### Work instruction
Reproduce everything from the line that contains "Hawaii State And" down to the line that contains "Location of the" in the listing below, word for word and nothing more. Leave the pictures out.

*** Opening Source data ***

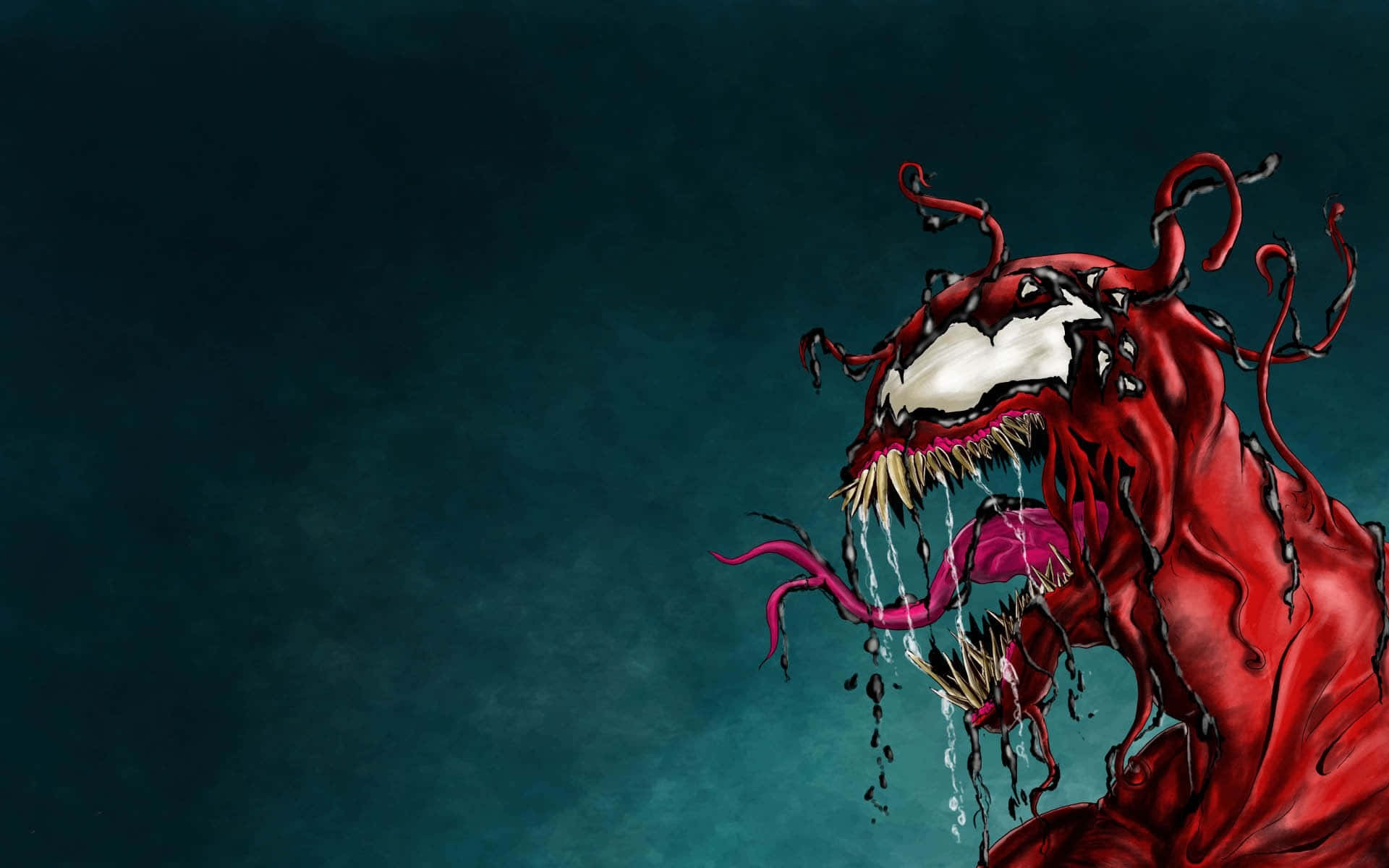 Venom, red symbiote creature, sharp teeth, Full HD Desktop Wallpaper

*** Closing Source data ***
*** Opening Source data ***

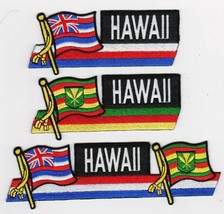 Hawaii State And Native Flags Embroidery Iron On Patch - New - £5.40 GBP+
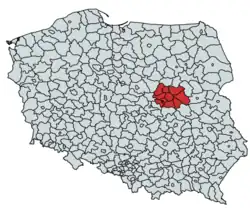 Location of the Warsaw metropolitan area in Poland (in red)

*** Closing Source data ***

### Answer to this task
 Hawaii State And Native Flags Embroidery Iron On Patch - New - £5.40 GBP+
 Location of the Warsaw metropolitan area in Poland (in red)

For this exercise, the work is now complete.